### Work task
Without including the pictures, copy each line below exactly as it reads.

[[ Collected data, beginning ]]

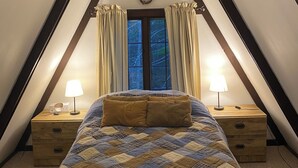 Une chambre à coucher comprenant un lit, deux tables de chevet avec des lampes, une fenêtre avec des rideaux et un élément décoratif mural.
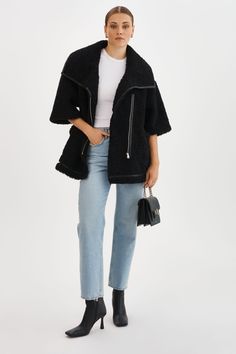 Make a statement with the Ohanna Faux Fur Coat. With its asymmetrical front zip closure and 3/4 sleeves, this coat adds a touch of elegance to any casual outfit. Versatile to style, it can be layered over a leather jacket, or worn with long leather gloves. Winter Outerwear With Asymmetrical Side Zipper, Spring Outerwear With Asymmetrical Zip And Zip Cuffs, Modern Outerwear With Asymmetrical Zip For Fall, Modern Asymmetrical Zip Outerwear For Fall, Modern Fall Outerwear With Asymmetrical Zip, Modern Outerwear With Zipper For Fall, Trendy Asymmetrical Zip Outerwear With Zipper Closure, Trendy Outerwear With Asymmetrical Zipper Closure, Spring Workwear Outerwear With Side Zipper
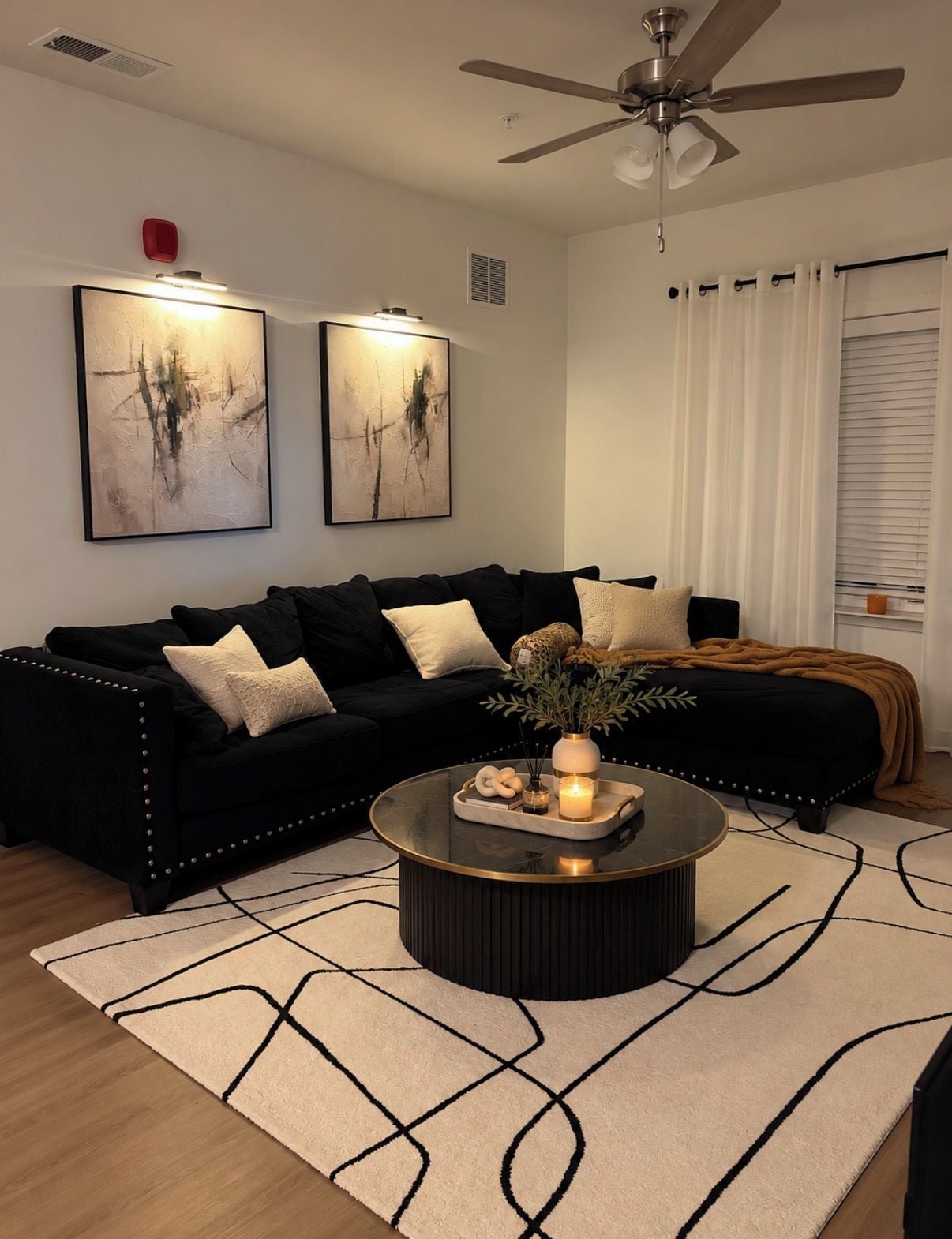 A modern living room with a black sofa, a round coffee table, and two abstract paintings on the wall.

[[ Collected data, end ]]

### Task response
 Une chambre à coucher comprenant un lit, deux tables de chevet avec des lampes, une fenêtre avec des rideaux et un élément décoratif mural.
 Make a statement with the Ohanna Faux Fur Coat. With its asymmetrical front zip closure and 3/4 sleeves, this coat adds a touch of elegance to any casual outfit. Versatile to style, it can be layered over a leather jacket, or worn with long leather gloves. Winter Outerwear With Asymmetrical Side Zipper, Spring Outerwear With Asymmetrical Zip And Zip Cuffs, Modern Outerwear With Asymmetrical Zip For Fall, Modern Asymmetrical Zip Outerwear For Fall, Modern Fall Outerwear With Asymmetrical Zip, Modern Outerwear With Zipper For Fall, Trendy Asymmetrical Zip Outerwear With Zipper Closure, Trendy Outerwear With Asymmetrical Zipper Closure, Spring Workwear Outerwear With Side Zipper
 A modern living room with a black sofa, a round coffee table, and two abstract paintings on the wall.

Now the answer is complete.